**** Source information

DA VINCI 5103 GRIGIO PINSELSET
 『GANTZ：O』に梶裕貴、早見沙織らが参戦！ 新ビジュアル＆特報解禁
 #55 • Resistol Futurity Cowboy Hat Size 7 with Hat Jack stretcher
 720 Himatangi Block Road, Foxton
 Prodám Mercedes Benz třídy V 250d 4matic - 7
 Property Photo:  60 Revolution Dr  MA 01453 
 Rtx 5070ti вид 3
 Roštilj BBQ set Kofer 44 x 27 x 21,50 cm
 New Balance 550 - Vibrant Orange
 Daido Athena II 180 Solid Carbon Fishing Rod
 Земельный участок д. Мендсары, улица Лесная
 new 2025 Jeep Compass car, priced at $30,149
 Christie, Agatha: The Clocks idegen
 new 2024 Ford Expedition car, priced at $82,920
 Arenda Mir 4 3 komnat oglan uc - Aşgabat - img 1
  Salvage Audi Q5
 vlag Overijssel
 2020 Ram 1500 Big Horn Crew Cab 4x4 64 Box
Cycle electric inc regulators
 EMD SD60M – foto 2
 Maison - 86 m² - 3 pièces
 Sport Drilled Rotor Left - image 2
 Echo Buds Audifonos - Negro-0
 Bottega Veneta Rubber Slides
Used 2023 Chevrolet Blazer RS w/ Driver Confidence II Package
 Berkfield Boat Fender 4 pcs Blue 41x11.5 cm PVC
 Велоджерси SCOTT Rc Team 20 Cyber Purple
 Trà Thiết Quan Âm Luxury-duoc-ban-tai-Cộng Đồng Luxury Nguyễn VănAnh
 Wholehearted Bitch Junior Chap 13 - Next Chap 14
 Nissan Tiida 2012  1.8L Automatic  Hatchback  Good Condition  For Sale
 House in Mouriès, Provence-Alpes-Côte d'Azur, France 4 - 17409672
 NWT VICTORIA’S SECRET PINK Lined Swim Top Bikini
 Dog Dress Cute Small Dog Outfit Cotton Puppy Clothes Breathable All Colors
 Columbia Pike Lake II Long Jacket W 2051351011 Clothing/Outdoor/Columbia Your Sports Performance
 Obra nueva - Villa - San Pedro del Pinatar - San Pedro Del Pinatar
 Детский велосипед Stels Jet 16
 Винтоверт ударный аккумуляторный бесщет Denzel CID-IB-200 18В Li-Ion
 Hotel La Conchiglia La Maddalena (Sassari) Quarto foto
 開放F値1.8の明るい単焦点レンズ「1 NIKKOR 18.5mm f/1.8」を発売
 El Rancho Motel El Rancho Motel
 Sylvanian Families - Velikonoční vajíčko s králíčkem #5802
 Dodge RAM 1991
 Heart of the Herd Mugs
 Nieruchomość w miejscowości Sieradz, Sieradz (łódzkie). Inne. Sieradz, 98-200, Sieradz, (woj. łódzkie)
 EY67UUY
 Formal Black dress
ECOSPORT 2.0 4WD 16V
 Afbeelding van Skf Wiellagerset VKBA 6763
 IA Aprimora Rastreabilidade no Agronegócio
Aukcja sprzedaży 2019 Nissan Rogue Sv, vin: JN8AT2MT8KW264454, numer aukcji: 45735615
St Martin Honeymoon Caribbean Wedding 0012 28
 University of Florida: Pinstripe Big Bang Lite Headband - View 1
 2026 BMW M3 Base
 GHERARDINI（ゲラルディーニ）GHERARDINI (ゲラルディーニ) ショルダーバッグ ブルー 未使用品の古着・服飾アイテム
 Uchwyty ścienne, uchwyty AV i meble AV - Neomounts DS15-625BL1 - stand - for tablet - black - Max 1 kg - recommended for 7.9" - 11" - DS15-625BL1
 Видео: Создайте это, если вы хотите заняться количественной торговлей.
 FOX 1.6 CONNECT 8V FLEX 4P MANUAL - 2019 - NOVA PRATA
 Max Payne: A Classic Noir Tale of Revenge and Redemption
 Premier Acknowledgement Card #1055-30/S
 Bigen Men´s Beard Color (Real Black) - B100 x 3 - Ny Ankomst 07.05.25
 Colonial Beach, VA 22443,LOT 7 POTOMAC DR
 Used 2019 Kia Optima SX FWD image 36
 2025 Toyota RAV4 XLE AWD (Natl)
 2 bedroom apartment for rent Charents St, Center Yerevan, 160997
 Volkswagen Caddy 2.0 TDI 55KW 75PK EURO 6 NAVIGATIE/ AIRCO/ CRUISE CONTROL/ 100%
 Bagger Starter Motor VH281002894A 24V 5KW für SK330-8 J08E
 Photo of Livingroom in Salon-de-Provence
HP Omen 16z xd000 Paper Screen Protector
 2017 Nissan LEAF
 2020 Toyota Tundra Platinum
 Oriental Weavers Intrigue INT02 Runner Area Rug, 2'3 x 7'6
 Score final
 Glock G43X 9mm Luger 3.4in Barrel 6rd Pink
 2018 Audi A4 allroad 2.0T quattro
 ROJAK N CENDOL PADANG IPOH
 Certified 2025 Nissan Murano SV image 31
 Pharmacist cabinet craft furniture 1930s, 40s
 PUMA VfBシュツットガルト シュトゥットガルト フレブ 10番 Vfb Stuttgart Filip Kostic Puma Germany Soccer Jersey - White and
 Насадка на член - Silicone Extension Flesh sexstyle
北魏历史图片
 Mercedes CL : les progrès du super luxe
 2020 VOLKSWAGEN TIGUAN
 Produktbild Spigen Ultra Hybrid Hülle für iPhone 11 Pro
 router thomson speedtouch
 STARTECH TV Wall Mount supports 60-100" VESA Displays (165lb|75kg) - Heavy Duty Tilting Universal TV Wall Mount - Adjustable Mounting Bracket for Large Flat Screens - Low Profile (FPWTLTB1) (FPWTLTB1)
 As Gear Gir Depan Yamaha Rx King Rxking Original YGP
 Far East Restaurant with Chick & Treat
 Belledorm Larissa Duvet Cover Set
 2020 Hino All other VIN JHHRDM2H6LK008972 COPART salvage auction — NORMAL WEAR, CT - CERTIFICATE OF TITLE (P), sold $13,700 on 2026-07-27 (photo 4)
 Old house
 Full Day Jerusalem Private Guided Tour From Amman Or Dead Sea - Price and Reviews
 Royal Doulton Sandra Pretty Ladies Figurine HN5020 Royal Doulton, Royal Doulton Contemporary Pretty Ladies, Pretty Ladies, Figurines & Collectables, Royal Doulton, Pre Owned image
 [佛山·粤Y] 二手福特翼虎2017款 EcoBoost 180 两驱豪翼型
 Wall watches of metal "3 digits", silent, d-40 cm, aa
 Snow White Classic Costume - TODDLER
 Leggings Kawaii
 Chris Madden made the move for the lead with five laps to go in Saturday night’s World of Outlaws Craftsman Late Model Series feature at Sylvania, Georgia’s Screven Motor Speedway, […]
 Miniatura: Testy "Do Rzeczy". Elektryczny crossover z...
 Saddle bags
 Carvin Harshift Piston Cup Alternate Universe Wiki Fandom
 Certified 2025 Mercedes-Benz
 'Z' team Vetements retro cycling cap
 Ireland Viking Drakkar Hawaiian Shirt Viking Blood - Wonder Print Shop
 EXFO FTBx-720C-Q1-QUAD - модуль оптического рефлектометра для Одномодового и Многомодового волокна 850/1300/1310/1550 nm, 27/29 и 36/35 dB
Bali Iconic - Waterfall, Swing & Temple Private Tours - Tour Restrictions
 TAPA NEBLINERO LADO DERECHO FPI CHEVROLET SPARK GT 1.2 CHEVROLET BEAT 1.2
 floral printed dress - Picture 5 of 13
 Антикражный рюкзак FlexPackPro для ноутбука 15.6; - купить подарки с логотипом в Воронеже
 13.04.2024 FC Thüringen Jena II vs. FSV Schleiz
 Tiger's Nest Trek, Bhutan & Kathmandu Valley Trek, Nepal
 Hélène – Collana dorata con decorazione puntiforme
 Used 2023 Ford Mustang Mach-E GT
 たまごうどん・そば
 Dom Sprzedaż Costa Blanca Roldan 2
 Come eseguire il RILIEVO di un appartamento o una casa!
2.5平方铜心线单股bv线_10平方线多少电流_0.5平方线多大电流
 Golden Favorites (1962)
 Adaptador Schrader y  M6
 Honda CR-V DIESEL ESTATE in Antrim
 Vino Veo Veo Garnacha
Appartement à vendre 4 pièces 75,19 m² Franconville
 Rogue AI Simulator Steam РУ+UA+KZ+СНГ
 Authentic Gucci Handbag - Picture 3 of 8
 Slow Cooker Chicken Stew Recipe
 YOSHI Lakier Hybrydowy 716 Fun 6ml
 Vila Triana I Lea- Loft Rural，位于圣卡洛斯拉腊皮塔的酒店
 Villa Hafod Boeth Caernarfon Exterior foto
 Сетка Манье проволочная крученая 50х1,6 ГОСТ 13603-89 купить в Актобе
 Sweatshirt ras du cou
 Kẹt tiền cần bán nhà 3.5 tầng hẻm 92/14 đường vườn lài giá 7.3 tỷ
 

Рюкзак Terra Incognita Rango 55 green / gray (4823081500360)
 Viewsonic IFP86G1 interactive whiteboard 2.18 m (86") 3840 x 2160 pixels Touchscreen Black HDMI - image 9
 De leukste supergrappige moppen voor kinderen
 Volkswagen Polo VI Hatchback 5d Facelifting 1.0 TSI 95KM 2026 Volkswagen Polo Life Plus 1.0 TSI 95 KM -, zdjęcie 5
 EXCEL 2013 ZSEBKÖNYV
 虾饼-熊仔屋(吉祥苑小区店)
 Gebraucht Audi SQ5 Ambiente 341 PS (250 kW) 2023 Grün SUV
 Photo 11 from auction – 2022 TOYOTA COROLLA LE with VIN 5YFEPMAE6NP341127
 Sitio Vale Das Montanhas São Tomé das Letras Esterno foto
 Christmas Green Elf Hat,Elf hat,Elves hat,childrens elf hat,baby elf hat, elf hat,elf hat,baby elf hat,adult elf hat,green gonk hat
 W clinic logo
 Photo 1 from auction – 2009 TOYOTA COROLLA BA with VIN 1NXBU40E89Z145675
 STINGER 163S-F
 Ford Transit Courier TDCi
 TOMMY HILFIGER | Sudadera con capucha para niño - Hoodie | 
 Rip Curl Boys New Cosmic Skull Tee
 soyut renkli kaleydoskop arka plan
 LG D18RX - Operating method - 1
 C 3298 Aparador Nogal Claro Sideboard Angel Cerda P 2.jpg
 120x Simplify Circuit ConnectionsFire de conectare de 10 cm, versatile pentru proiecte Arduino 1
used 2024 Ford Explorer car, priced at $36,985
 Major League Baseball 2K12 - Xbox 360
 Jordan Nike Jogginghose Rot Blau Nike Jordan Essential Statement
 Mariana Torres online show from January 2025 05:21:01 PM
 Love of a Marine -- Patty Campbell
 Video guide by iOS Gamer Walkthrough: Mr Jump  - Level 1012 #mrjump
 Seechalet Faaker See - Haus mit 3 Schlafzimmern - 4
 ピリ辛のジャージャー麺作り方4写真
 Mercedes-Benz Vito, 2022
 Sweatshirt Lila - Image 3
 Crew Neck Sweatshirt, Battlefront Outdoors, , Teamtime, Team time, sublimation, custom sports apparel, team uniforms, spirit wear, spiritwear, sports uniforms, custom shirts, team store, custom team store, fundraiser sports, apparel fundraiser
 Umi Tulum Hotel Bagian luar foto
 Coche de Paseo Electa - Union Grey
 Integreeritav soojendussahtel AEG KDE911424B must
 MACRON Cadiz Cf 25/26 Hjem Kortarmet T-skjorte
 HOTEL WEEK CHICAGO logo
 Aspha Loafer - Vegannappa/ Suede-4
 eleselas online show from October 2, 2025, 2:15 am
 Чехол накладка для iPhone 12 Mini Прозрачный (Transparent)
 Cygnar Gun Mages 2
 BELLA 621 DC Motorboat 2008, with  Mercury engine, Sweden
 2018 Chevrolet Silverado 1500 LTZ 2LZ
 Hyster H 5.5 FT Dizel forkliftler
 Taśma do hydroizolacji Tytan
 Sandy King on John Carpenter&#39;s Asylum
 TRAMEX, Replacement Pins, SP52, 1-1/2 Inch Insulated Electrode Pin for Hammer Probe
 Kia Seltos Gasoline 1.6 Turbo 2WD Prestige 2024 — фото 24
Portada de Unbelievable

********

- **Task**
Copy out the range of lines above starting at the line with "#55 • Resistol" and ending at the line with "Daido Athena II 180 Solid Carbon Fishing Rod", exactly and including both.

- **Output below**
 #55 • Resistol Futurity Cowboy Hat Size 7 with Hat Jack stretcher
 720 Himatangi Block Road, Foxton
 Prodám Mercedes Benz třídy V 250d 4matic - 7
 Property Photo:  60 Revolution Dr  MA 01453 
 Rtx 5070ti вид 3
 Roštilj BBQ set Kofer 44 x 27 x 21,50 cm
 New Balance 550 - Vibrant Orange
 Daido Athena II 180 Solid Carbon Fishing Rod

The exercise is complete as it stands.